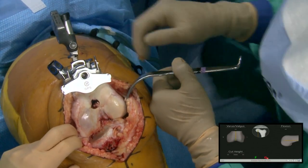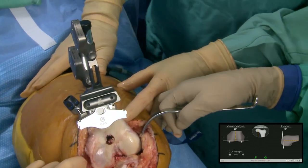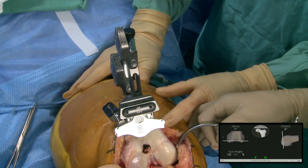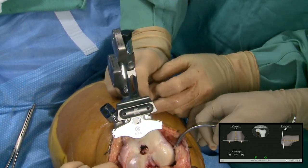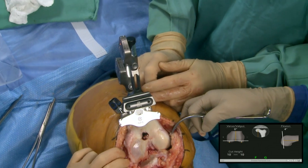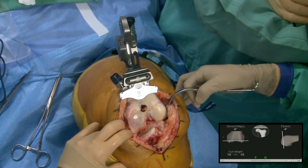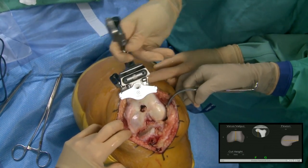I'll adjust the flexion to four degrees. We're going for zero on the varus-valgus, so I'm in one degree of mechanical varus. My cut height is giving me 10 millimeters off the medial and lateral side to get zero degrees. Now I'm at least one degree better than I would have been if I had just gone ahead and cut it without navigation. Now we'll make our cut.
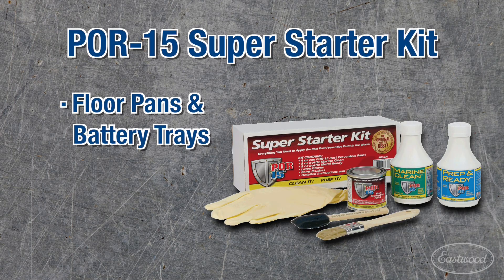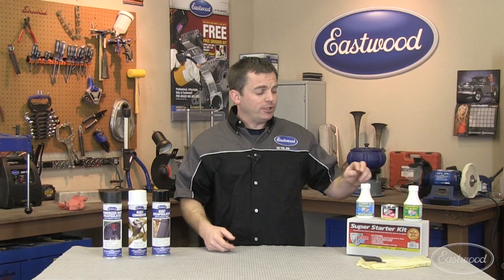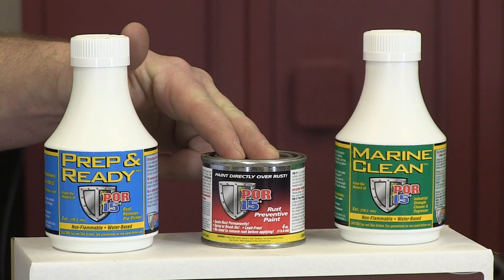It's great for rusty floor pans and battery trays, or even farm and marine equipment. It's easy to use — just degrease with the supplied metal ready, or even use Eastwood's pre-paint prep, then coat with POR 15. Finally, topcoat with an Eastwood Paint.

__________________________________________________

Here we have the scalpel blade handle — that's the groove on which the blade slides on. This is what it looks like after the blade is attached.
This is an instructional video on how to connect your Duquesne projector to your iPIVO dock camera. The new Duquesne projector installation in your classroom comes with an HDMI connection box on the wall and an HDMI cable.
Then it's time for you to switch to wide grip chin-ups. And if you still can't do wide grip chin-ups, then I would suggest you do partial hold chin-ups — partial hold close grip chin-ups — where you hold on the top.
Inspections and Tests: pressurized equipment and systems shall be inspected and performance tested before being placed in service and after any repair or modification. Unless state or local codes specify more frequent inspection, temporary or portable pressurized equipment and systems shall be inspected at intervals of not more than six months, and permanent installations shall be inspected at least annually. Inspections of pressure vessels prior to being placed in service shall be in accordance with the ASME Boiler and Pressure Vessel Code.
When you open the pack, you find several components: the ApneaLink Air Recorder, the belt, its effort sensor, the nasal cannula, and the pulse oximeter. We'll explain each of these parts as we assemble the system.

__________________________________________________

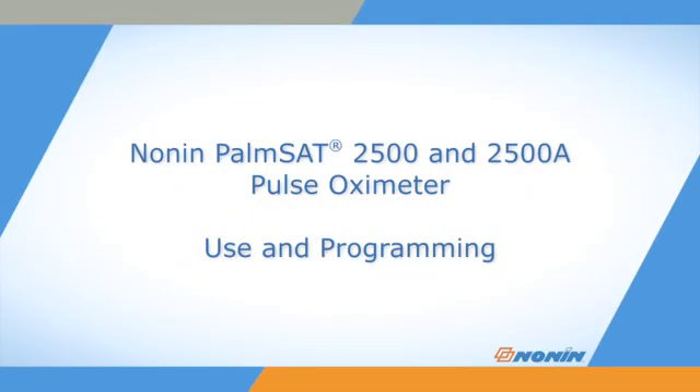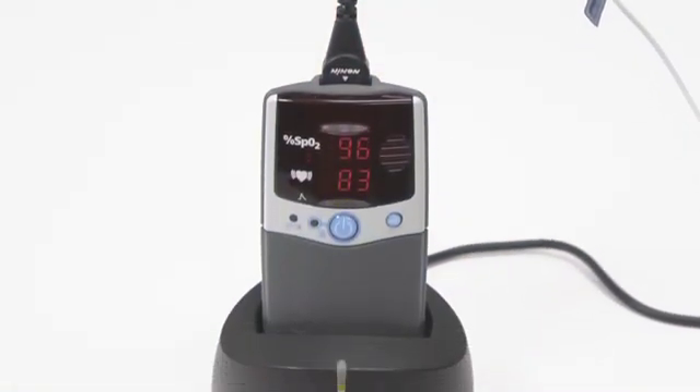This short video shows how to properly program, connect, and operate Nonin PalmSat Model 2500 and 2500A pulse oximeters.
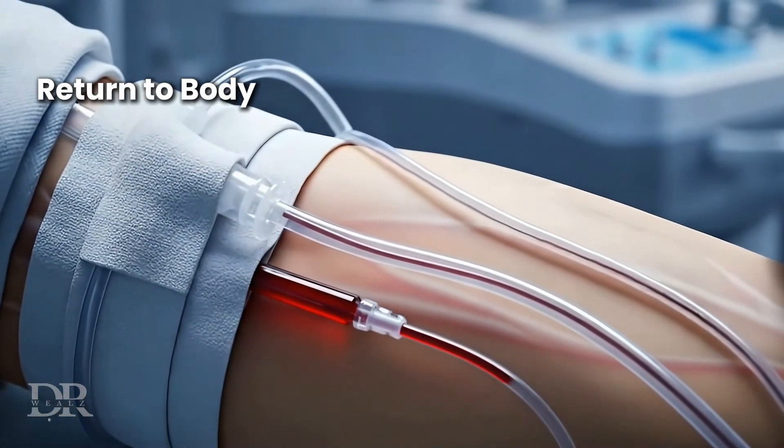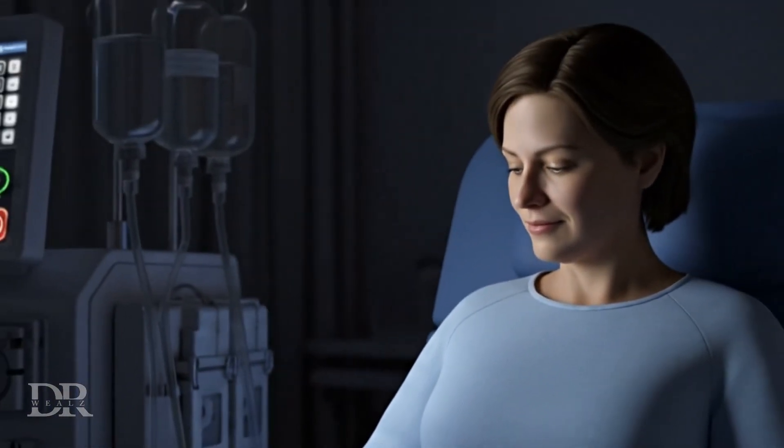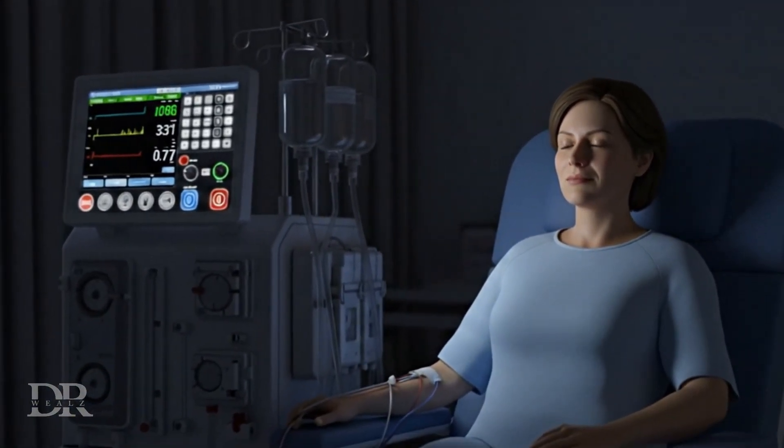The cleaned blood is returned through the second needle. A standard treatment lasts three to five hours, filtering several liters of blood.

__________________________________________________

→ What is being asked
Output exactly the lines above, beginning at the one with "This short video" and stopping after the one with "The cleaned blood". Pictures are to be omitted.

→ Solution for this problem
This short video shows how to properly program, connect, and operate Nonin PalmSat Model 2500 and 2500A pulse oximeters.
The cleaned blood is returned through the second needle. A standard treatment lasts three to five hours, filtering several liters of blood.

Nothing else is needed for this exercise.